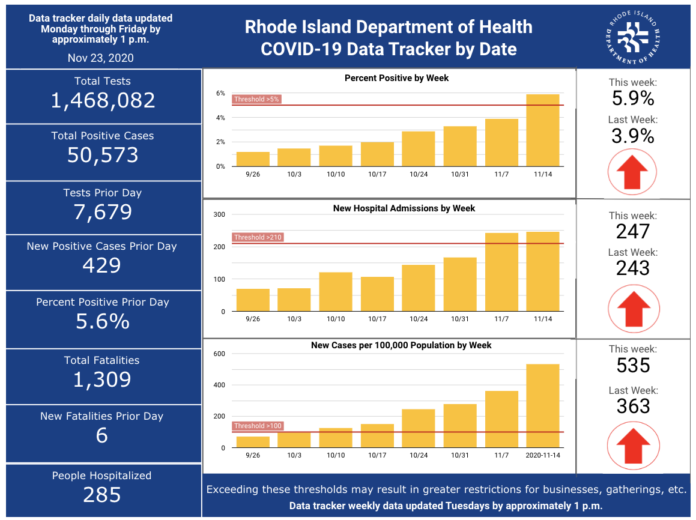 CASES OF COVID-19 in Rhode Island increased by 2,454 from Nov. 20 through Sunday. / COURTESY R.I. DEPARTMENT OF HEALTH CASES OF COVID-19 in Rhode Island increased by 2,454 from Nov. 20 through Sunday. / COURTESY R.I. DEPARTMENT OF HEALTH
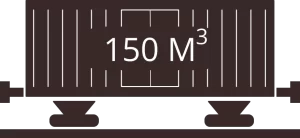 Крытый вагон 150 куб. м 11-7038 | Freight wagon rental | Wagons for rent in Kazakhstan, Asia, CIS, Baltic countries | Rentable wagons 150 m3 | взять вагоны в аренду 150 м3
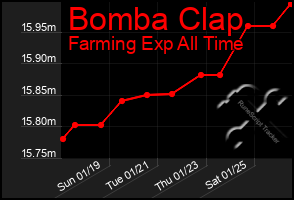 Total Graph of Bomba Clap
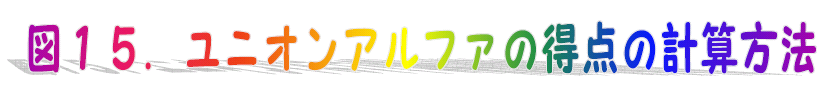 ユニオンアルファの得点の計算方法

WORK ITEM |
An exact copy of the listing is required, excluding any pictures.

SOLUTION TO THE PROBLEM |
 CASES OF COVID-19 in Rhode Island increased by 2,454 from Nov. 20 through Sunday. / COURTESY R.I. DEPARTMENT OF HEALTH CASES OF COVID-19 in Rhode Island increased by 2,454 from Nov. 20 through Sunday. / COURTESY R.I. DEPARTMENT OF HEALTH
 Крытый вагон 150 куб. м 11-7038 | Freight wagon rental | Wagons for rent in Kazakhstan, Asia, CIS, Baltic countries | Rentable wagons 150 m3 | взять вагоны в аренду 150 м3
 Total Graph of Bomba Clap
 ユニオンアルファの得点の計算方法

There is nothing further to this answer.